:: DATA RECORDS ::

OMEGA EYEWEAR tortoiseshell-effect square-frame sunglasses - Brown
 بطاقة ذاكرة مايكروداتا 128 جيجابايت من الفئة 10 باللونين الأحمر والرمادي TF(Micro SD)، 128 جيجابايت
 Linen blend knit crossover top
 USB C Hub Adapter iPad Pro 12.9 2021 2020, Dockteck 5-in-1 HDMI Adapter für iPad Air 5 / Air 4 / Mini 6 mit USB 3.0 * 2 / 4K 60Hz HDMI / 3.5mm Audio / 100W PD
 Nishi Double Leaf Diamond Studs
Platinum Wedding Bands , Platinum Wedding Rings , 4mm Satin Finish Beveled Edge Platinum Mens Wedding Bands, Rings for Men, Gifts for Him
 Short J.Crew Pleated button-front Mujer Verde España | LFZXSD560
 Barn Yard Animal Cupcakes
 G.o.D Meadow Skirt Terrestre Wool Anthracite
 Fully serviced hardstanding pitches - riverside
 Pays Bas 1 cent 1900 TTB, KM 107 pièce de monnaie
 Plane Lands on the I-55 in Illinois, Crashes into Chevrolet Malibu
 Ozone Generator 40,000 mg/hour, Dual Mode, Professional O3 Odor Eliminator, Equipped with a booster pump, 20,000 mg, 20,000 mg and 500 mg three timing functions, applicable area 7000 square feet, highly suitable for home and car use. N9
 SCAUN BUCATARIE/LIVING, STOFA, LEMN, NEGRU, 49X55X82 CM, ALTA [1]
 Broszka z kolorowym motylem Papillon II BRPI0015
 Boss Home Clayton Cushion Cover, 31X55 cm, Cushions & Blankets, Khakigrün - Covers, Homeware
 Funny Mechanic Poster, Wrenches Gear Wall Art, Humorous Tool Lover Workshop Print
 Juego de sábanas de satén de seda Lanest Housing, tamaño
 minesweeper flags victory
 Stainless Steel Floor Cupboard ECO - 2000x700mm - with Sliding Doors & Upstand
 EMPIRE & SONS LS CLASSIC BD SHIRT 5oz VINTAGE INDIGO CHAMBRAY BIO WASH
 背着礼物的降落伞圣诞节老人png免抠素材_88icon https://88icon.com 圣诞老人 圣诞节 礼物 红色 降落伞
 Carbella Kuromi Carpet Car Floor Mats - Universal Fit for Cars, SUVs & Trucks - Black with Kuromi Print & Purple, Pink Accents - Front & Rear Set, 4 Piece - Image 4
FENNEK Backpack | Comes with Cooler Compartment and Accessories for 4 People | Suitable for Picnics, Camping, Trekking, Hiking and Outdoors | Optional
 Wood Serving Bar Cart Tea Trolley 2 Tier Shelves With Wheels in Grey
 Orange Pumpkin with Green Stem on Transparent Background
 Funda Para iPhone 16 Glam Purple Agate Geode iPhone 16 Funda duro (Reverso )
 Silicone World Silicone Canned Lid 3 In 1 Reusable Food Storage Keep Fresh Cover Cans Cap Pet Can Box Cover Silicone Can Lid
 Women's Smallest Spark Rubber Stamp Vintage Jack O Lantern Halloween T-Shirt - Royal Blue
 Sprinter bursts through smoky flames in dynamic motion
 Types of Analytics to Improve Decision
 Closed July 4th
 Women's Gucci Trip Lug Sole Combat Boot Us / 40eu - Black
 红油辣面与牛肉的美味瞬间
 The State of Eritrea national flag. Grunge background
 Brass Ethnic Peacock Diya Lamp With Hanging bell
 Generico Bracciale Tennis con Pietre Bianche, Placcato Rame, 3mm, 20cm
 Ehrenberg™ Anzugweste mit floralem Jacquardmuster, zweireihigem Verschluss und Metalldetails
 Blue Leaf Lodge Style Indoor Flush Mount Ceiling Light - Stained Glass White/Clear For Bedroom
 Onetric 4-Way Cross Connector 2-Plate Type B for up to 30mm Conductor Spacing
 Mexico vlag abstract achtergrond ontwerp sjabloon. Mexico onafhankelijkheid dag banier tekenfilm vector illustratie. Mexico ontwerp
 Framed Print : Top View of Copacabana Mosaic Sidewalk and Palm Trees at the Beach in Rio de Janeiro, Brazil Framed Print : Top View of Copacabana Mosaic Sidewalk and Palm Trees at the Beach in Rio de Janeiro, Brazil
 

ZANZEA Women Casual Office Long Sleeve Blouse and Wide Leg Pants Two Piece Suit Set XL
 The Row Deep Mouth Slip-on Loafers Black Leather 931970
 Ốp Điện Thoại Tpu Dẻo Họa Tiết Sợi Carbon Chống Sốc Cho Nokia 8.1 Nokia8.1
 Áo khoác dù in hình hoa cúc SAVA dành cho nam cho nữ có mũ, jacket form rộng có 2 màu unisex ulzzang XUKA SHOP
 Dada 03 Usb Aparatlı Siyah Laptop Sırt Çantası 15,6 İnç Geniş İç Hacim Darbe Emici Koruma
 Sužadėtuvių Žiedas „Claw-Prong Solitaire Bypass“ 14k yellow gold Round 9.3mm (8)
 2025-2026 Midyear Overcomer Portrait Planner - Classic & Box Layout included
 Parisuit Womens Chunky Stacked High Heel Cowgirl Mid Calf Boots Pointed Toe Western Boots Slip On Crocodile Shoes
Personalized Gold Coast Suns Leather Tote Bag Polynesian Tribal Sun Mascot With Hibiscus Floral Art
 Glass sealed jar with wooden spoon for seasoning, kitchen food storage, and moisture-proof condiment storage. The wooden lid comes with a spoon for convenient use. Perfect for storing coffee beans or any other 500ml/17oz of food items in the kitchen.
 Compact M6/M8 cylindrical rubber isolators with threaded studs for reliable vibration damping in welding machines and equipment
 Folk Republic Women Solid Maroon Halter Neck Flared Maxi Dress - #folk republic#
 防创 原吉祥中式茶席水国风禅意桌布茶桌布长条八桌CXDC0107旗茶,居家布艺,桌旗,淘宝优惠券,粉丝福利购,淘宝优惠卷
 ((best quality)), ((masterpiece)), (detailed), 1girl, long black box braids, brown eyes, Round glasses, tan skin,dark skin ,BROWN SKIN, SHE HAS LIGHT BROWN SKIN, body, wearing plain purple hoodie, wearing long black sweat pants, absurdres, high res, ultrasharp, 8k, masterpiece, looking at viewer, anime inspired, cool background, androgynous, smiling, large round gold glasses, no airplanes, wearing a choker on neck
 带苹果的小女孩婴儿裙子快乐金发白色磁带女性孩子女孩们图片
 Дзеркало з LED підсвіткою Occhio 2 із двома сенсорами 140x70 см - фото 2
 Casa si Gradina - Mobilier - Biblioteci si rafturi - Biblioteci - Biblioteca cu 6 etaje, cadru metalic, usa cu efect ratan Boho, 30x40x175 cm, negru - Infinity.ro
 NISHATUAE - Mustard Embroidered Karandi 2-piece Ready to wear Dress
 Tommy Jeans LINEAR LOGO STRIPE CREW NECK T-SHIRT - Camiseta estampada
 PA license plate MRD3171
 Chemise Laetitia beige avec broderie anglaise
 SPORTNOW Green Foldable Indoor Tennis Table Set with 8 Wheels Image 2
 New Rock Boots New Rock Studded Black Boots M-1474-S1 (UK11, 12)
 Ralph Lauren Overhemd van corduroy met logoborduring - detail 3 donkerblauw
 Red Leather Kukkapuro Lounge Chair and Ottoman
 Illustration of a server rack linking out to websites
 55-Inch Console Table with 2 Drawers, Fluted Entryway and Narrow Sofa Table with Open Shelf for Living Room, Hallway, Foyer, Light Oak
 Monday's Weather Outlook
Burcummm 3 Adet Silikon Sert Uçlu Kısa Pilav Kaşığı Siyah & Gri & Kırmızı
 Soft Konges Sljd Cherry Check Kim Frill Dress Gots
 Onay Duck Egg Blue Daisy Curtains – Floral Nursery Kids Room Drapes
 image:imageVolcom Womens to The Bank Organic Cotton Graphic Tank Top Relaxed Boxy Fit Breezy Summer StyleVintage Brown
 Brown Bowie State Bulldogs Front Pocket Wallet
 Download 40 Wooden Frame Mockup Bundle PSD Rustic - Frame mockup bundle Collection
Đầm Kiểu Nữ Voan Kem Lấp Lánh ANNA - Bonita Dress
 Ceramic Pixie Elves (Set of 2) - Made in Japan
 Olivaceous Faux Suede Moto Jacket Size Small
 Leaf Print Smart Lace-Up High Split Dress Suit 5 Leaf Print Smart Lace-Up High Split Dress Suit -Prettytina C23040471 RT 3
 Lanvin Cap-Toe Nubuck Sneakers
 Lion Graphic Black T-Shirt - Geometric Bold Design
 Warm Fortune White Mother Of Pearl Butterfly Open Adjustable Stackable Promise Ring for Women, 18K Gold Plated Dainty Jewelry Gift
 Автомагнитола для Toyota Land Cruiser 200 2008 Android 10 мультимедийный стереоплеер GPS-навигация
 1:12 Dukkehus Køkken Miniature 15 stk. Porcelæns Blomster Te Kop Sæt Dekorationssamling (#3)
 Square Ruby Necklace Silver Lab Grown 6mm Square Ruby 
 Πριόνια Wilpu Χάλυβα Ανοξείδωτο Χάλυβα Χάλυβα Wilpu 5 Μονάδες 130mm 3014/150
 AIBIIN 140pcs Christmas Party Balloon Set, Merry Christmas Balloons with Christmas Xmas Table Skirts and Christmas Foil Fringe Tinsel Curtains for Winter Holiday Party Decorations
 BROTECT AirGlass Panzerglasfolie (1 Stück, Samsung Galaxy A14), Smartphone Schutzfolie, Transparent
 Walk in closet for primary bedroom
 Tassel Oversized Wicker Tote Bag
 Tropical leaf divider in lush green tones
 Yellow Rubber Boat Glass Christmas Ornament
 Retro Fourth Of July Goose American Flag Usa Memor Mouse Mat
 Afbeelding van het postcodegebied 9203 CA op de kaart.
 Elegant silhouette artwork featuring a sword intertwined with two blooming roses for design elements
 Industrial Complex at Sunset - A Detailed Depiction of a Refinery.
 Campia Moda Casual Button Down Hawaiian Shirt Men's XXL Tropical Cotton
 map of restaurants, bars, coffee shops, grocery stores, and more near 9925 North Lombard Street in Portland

:: EXERCISE DIRECTIONS ::
Copy each line in the entries above where "coffee" turns up.

:: YOUR RESPONSE ::
 Glass sealed jar with wooden spoon for seasoning, kitchen food storage, and moisture-proof condiment storage. The wooden lid comes with a spoon for convenient use. Perfect for storing coffee beans or any other 500ml/17oz of food items in the kitchen.
 map of restaurants, bars, coffee shops, grocery stores, and more near 9925 North Lombard Street in Portland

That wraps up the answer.